- [ASSIGNMENT] The pictures in the listing below are to be skipped, while the lines between the line holding "Now we're in" and the line holding "Field vole feeding", inclusive, are to be output exactly.

********************

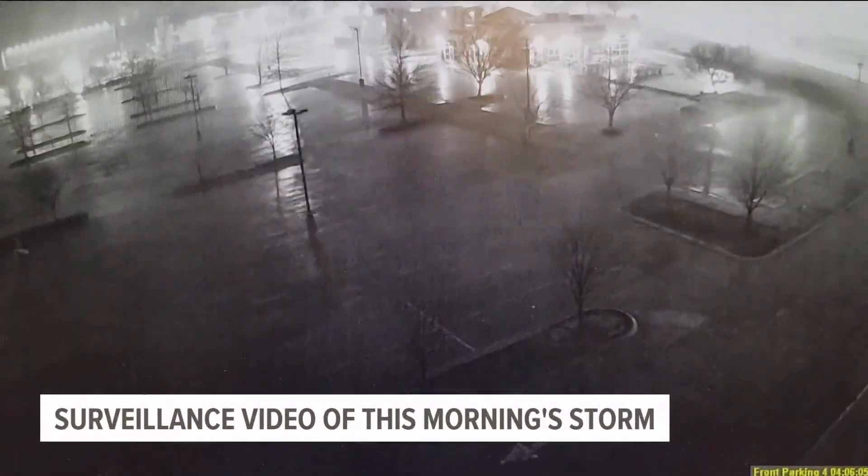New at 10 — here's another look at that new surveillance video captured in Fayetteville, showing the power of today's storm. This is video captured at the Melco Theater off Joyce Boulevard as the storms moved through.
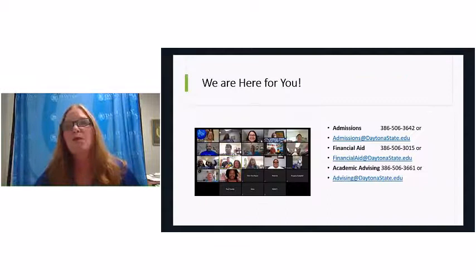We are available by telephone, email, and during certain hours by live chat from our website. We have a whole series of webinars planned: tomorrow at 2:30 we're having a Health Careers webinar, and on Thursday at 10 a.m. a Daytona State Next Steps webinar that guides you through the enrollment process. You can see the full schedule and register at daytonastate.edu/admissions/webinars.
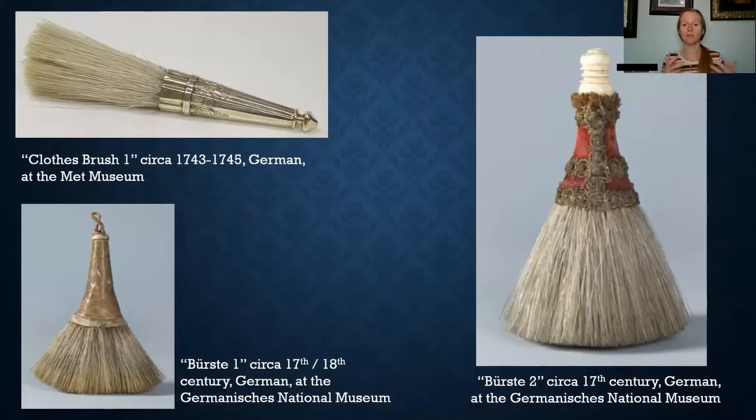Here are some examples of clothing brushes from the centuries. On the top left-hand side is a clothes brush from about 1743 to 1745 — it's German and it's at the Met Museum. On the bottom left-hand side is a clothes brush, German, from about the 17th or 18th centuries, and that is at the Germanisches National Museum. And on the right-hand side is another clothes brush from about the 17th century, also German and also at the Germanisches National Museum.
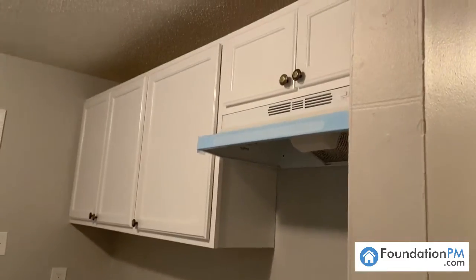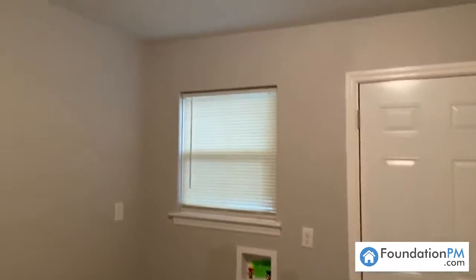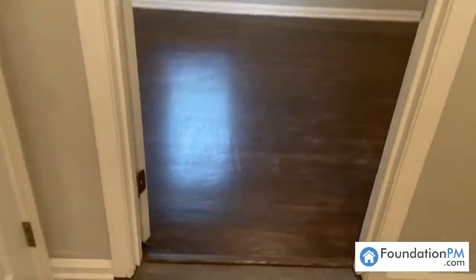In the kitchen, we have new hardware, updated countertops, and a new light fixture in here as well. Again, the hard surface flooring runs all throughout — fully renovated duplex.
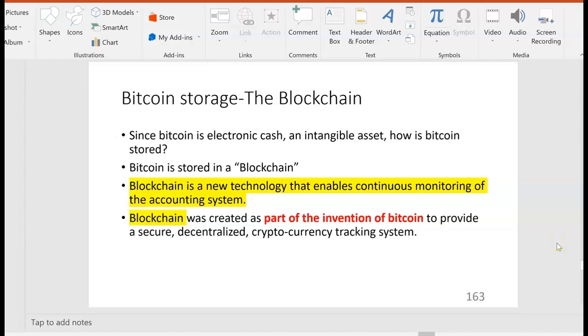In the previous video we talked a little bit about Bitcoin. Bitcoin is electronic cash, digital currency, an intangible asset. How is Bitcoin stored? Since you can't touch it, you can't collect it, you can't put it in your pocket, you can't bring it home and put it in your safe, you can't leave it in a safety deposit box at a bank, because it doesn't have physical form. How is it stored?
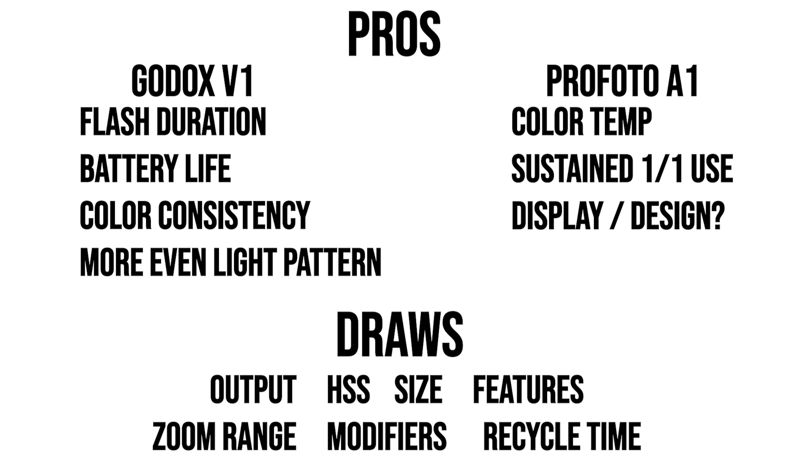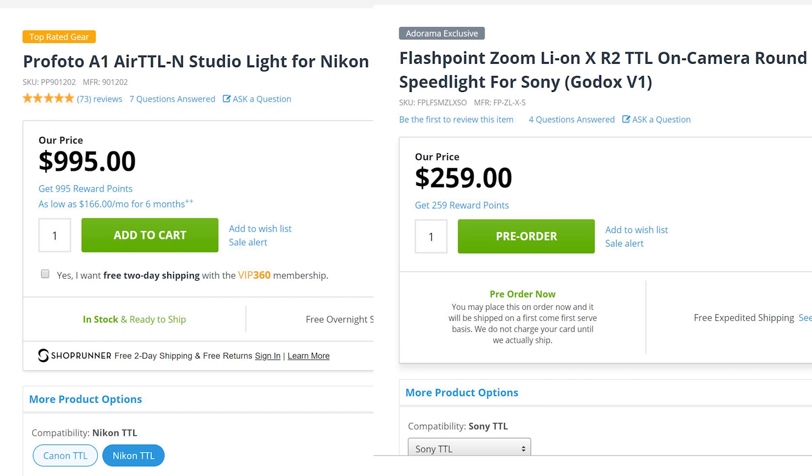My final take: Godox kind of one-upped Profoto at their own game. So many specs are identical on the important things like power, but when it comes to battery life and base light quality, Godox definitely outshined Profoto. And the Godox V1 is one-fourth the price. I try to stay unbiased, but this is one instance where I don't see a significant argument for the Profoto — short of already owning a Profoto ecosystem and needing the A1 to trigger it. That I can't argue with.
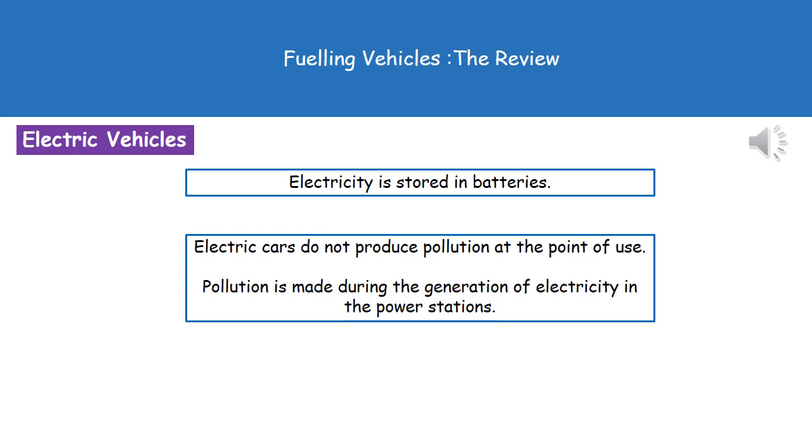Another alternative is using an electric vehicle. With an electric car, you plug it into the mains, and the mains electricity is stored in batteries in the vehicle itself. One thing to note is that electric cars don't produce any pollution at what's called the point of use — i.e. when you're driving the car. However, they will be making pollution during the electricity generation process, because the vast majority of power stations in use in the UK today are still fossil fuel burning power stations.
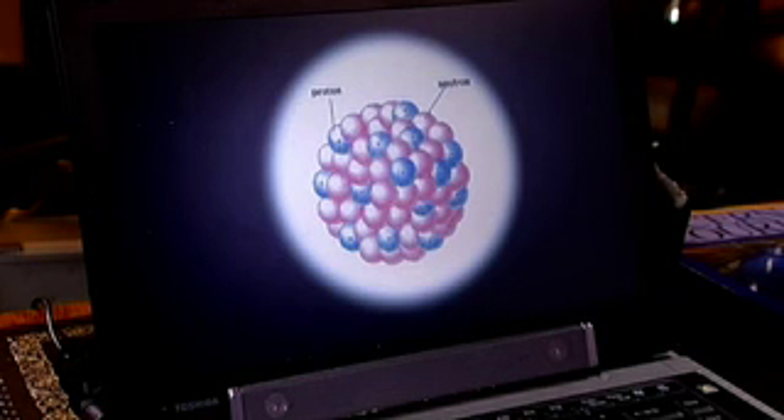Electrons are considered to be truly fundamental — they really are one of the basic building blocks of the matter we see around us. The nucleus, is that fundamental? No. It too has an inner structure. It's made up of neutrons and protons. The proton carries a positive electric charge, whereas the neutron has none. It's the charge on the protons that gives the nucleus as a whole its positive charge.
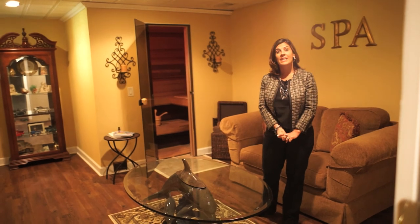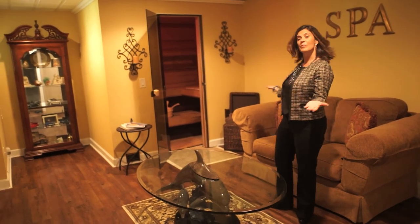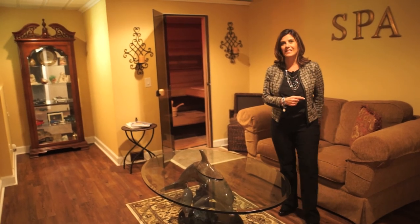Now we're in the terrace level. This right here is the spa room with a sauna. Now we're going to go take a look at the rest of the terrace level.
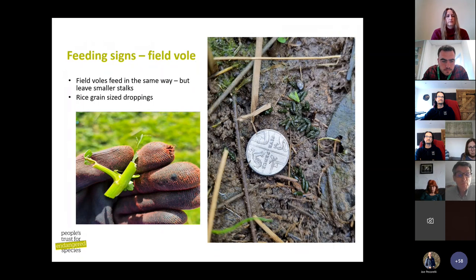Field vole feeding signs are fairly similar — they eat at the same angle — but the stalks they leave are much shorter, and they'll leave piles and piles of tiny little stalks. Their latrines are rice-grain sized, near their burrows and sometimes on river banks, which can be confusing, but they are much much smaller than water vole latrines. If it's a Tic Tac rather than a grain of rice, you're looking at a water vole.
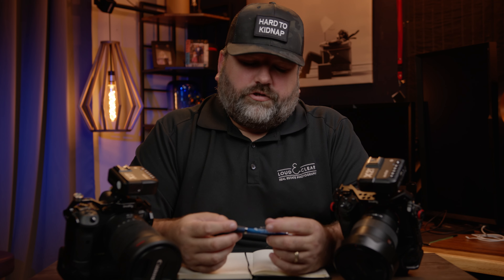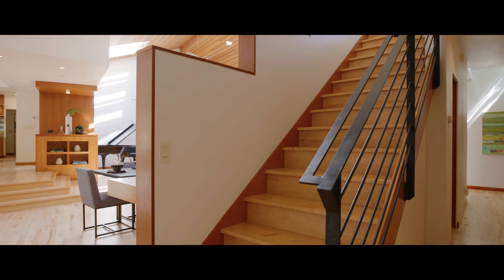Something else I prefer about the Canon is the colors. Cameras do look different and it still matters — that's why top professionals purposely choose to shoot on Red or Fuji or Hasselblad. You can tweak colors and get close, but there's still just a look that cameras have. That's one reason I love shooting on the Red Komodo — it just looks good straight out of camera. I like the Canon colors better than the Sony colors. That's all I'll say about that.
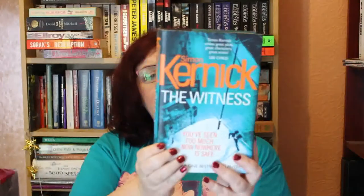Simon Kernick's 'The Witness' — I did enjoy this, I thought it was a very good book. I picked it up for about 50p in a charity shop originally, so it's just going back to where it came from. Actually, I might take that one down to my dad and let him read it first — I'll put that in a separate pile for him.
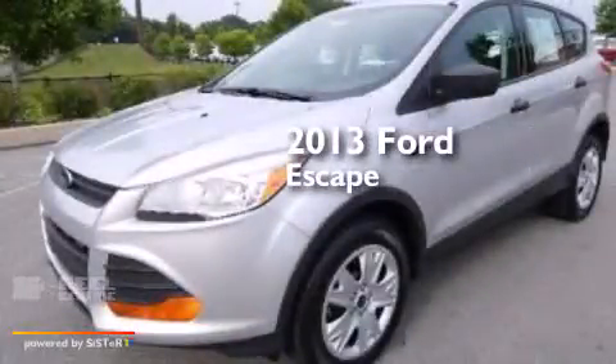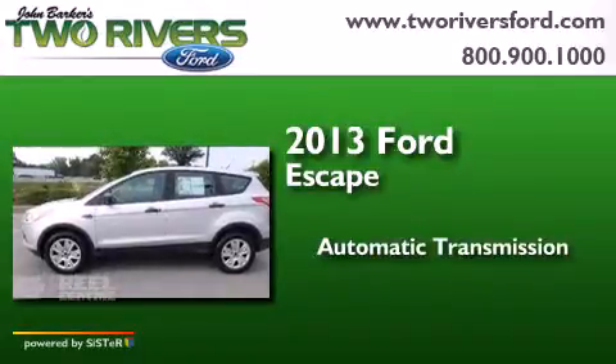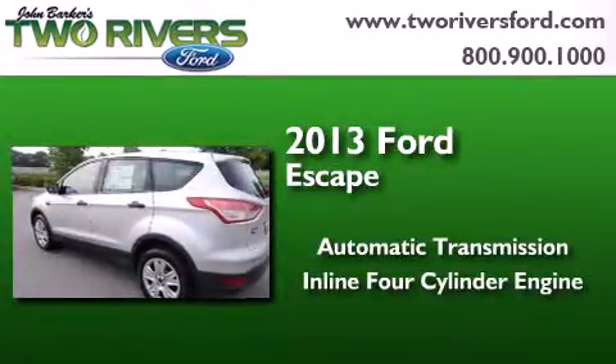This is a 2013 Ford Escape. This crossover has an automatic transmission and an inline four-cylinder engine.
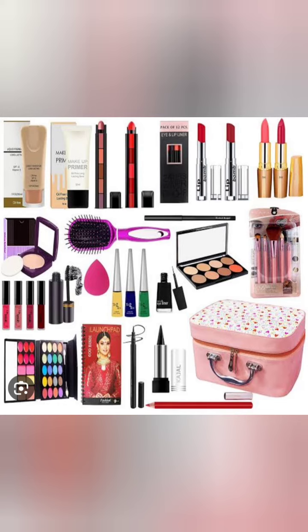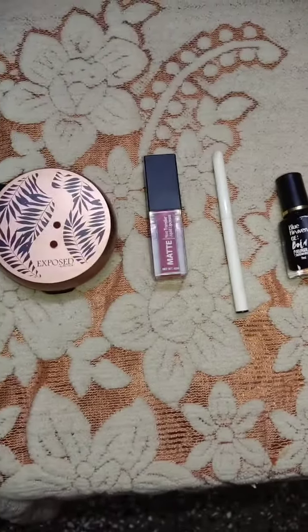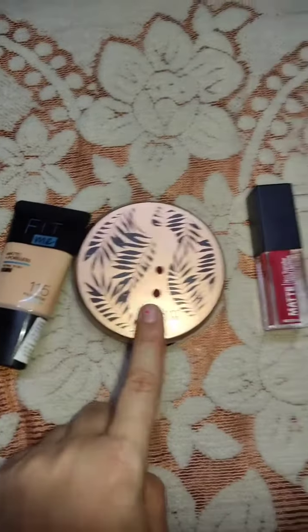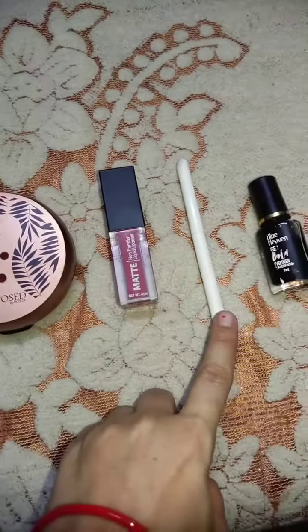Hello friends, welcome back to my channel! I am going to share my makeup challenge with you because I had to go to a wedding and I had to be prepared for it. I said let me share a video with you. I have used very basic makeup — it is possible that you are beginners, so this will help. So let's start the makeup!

********************

- [EXERCISE RESPONSE]
Now we're in the terrace level. This right here is the spa room with a sauna. Now we're going to go take a look at the rest of the terrace level.
Field vole feeding signs are fairly similar — they eat at the same angle — but the stalks they leave are much shorter, and they'll leave piles and piles of tiny little stalks. Their latrines are rice-grain sized, near their burrows and sometimes on river banks, which can be confusing, but they are much much smaller than water vole latrines. If it's a Tic Tac rather than a grain of rice, you're looking at a water vole.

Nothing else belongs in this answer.